Portugal aprovou também o Plano Nacional Energia e Clima 2030 (PNEC 2030), desenvolvido em articulação com os objetivos do RNC2050, que constitui o principal instrumento de política energética e climática nacional para a próxima década, rumo a um futuro neutro em carbono.
O PNEC 2030 estabelece metas ambiciosas, mas exequíveis, para o horizonte 2030, de redução de emissões de GEE, de incorporação de energias de fontes renováveis (FER), de eficiência energética e de interligações, e concretiza as políticas e medidas para uma efetiva aplicação das orientações constantes do RNC2050, estabelecendo, ainda, metas setoriais de redução de emissões de GEE.

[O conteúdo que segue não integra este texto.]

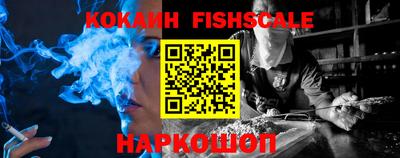 меф VHQ Рузаевка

Desde a elaboração do PNEC 2030, verificaram-se importantes desenvolvimentos a nível europeu, como a apresentação do Pacto Ecológico Europeu[1], a aprovação da Lei Europeia em matéria de Clima, que cria o regime europeu para alcançar a neutralidade climática[2], a revisão do quadro legislativo da União promovido pelo pacote “Fit for 55”[3], ou a apresentação do Plano “REPower EU” [4], que se constitui como o plano da UE para acelerar o processo da transição energética e pôr termo à dependência dos combustíveis fósseis, em resposta à alteração do panorama geopolítico com o início da invasão da Ucrânia pela Rússia.
Mais recentemente, a nível europeu, tem-se assistido a uma evolução do enquadramento político da transição climática e energética, com um reforço do foco na implementação, na competitividade industrial e na autonomia estratégica da UE. Neste contexto, destaca-se a apresentação do Pacto da Indústria Limpa (Clean Industrial Deal), que visa acelerar a descarbonização da indústria europeia, promover o desenvolvimento de tecnologias limpas e reforçar a resiliência das cadeias de valor estratégicas, assegurando simultaneamente a competitividade da economia europeia no contexto da transição para a neutralidade climática.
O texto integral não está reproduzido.